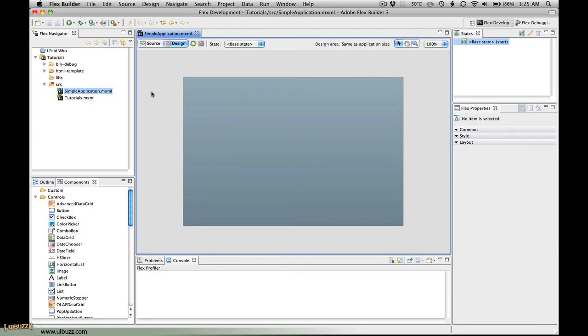I'm going to show you how to create your own simple custom component and then use that in a Flex application. The way to do this in Flex 3 is actually pretty straightforward and simple. I do it all the time and find it very useful to create your own custom components so that you end up with your own library of reusable code.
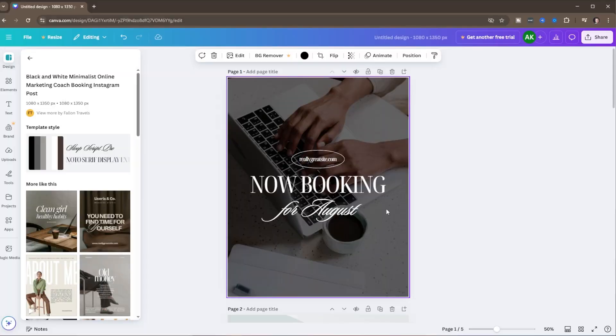Did you know you can now schedule your Instagram posts directly from Canva? I'll show you how. We're inside Canva and I've got my Instagram post already ready to go. This works whether you use a template they provide or you design something from scratch — I've just pulled up a template here to show you how this works.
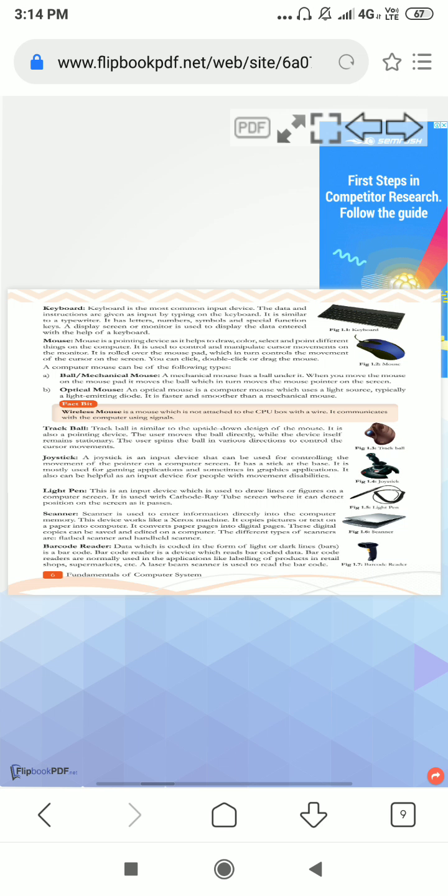The joystick. What is the joystick? The joystick is an input device that can be used for controlling the movement of the pointer on the computer screen. It is mostly used for gaming application programs. When we play online games, then we use joystick.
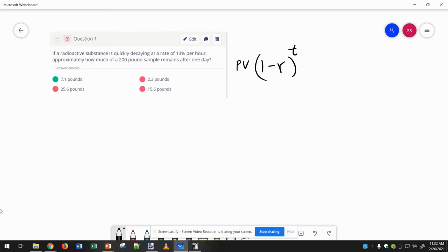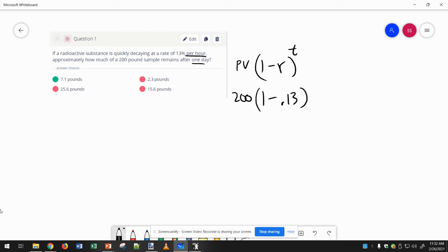13%, so 1-0.13, and 200-pound sample, that's the initial value or present value, and it says after one day. So it says this is modeling per hour, so that means after one day is 24 hours.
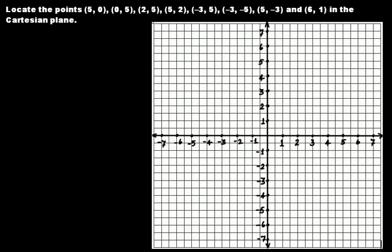Hey everyone, welcome back to another video tutorial on Cartesian planes. In our last video lecture, we discussed about Cartesian planes, Cartesian coordinates, and quadrants. In this lecture, we'll solve some problems where we'll try to plot these points in the Cartesian plane.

•••••

→ Exercise details
Set down the data again, exactly, without images.

→ Solved problem
I'm going to show you how to create your own simple custom component and then use that in a Flex application. The way to do this in Flex 3 is actually pretty straightforward and simple. I do it all the time and find it very useful to create your own custom components so that you end up with your own library of reusable code.
Did you know you can now schedule your Instagram posts directly from Canva? I'll show you how. We're inside Canva and I've got my Instagram post already ready to go. This works whether you use a template they provide or you design something from scratch — I've just pulled up a template here to show you how this works.
The joystick. What is the joystick? The joystick is an input device that can be used for controlling the movement of the pointer on the computer screen. It is mostly used for gaming application programs. When we play online games, then we use joystick.
13%, so 1-0.13, and 200-pound sample, that's the initial value or present value, and it says after one day. So it says this is modeling per hour, so that means after one day is 24 hours.
Hey everyone, welcome back to another video tutorial on Cartesian planes. In our last video lecture, we discussed about Cartesian planes, Cartesian coordinates, and quadrants. In this lecture, we'll solve some problems where we'll try to plot these points in the Cartesian plane.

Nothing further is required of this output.